§ **Problem statement**
In the entries below, begin at the line that has "18. Spread Eagle" and stop after the line that has "9.5mm Female Spade"; output those lines exactly, leaving out pictures.

§ **Excerpted data**
● ● ● ● ●

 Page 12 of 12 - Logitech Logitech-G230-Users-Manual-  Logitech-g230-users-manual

● ● ● ● ●

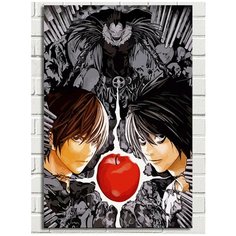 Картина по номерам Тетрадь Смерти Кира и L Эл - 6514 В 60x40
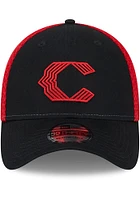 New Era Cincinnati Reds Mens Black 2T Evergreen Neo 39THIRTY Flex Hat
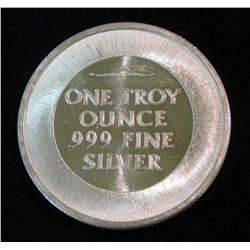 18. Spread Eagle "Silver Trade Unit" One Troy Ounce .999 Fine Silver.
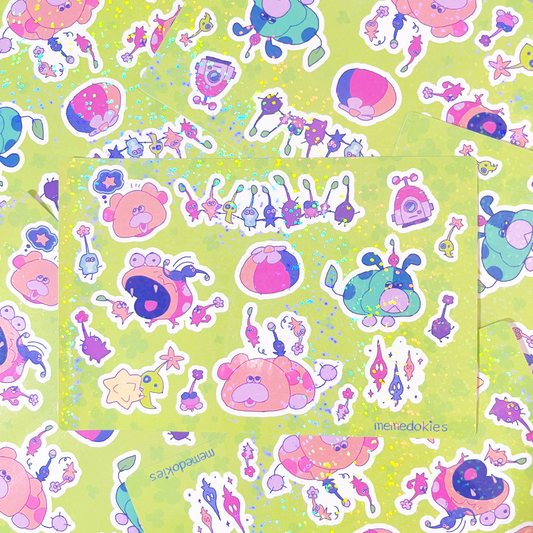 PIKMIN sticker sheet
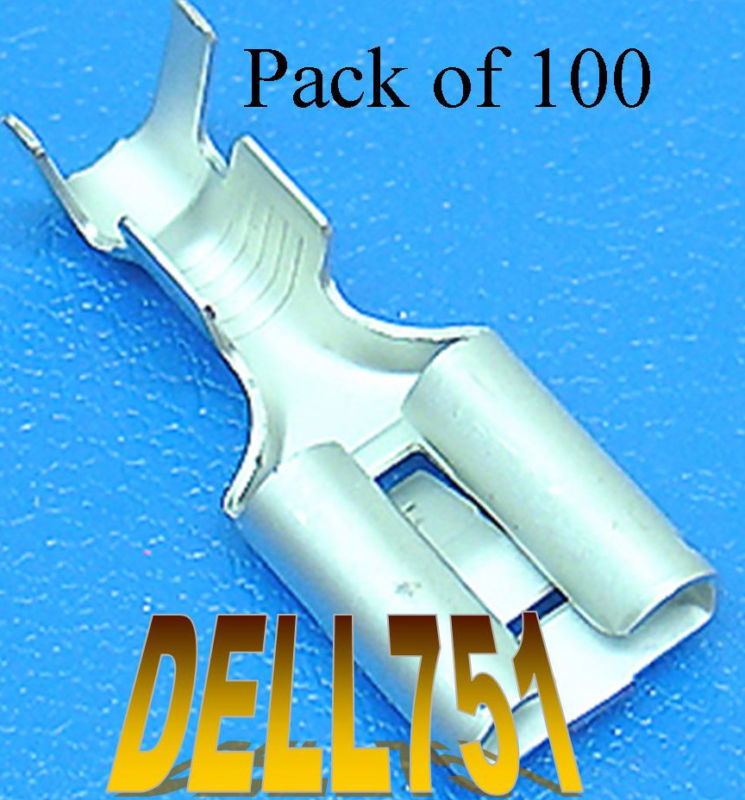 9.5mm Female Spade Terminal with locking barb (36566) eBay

● ● ● ● ●

§ **Problem solution**
 18. Spread Eagle "Silver Trade Unit" One Troy Ounce .999 Fine Silver.
 PIKMIN sticker sheet
 9.5mm Female Spade Terminal with locking barb (36566) eBay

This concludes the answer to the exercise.